Data records

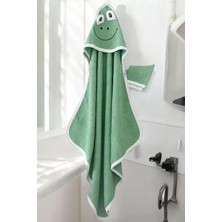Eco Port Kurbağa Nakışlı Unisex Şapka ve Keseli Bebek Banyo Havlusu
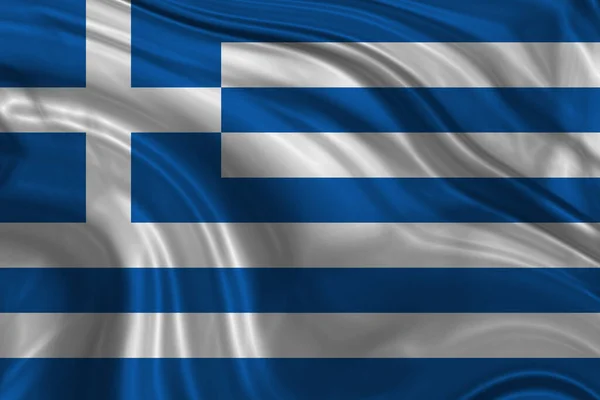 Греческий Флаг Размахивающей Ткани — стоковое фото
...
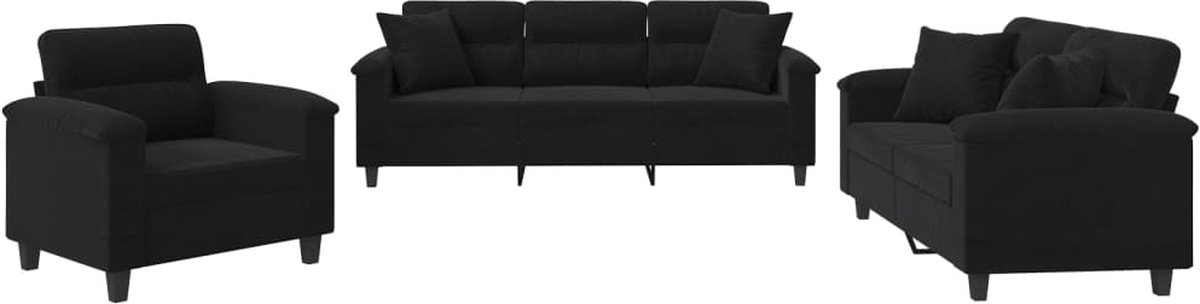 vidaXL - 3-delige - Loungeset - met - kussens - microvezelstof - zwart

About this task
Using the material above, transcribe exactly the lines from the one holding "Eco Port Kurbağa" to the one holding "Греческий Флаг Размахивающей", both ends kept. Do not carry over any pictures.

Exercise response
Eco Port Kurbağa Nakışlı Unisex Şapka ve Keseli Bebek Banyo Havlusu
 Греческий Флаг Размахивающей Ткани — стоковое фото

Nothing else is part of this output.